I went to
Versailles; I trod with reverent step those historic precincts
adorned with art treasures uncountable, with curios magnificent,
with relics invaluable. I visited the little palace and the big;
I ventured deep into that splendid forest where, in the company
of ladies regarding whom there has been a good deal of talk
subsequently, France's Grandest and Merriest Monarch disported
himself. And I found out what made the Merriest Monarch merry - so
far as I could see, there was not a bathroom on the place. He was
a true Frenchman - was Louis the Fourteenth.
In Berlin, at the Imperial Palace, our experience was somewhat
similar. Led by a guide we walked through acres of state drawing
rooms and state dining rooms and state reception rooms and state
picture rooms; and we were told that most of them - or, at least,
many of them - were the handiwork of the late Andreas Schluter.

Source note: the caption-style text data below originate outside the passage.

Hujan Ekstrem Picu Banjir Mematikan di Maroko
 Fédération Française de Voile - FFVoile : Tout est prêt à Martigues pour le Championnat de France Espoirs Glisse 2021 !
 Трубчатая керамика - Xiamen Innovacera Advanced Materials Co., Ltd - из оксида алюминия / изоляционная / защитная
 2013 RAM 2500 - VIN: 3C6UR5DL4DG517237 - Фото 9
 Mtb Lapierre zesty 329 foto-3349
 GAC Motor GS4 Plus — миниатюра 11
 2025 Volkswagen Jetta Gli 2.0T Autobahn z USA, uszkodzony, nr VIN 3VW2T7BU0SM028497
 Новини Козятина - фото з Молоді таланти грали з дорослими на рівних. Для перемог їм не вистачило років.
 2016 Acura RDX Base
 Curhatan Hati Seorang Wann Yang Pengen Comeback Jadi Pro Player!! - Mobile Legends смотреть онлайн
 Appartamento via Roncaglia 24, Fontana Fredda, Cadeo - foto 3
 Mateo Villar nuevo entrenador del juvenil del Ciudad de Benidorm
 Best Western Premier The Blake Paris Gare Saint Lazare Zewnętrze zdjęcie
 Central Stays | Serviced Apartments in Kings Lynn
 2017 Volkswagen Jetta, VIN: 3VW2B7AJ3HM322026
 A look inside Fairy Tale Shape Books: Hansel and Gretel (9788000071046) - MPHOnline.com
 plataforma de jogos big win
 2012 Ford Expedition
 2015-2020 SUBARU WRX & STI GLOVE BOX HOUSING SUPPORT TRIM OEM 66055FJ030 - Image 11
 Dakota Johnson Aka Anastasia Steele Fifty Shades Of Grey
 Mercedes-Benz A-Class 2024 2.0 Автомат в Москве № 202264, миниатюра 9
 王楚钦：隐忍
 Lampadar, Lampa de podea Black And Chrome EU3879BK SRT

The deceased Schluter was an architect, a painter, a sculptor, a
woodcarver, a decorator, all rolled into one. He was the George
M. Cohan of his time; and I think he also played the clarinet,
being a German.
We traversed miles of these Schluter masterpieces. Eventually we
heard sounds of martial music without, and we went to a window
overlooking a paved courtyard; and from that point we presently
beheld a fine sight. For the moment the courtyard was empty,
except that in the center stood a great mass of bronze - by Schluter,
I think - a heroic equestrian statue of Saint George in the act of
destroying the first adulterated German sausage. But in a minute
the garrison turned out; and then in through an arched gateway
filed the relief guard headed by a splendid band, with bell-hung
standards jingling at the head of the column and young officers
stalking along as stiff as ramrods, and soldiers marching with the
goosestep.
In the German army the private who raises his knee the highest and
sticks his shank out ahead of him the straightest, and slams his
foot down the hardest and jars his brain the painfulest, is promoted
to be a corporal and given a much heavier pair of shoes, so that
he may make more noise and in time utterly destroy his reason.
The goosestep would be a great thing for destroying grasshoppers
or cutworms in a plague year in a Kansas wheatfield.
At the Kaiser's palace we witnessed all these sights, but we did
not run across any bathrooms or any bathtubs. However, we were
in the public end of the establishment and I regard it as probable
that in the other wing, where the Kaiser lives when at home, there
are plenty of bathrooms. I did not investigate personally. The
Kaiser was out at Potsdam and I did not care to call in his absence.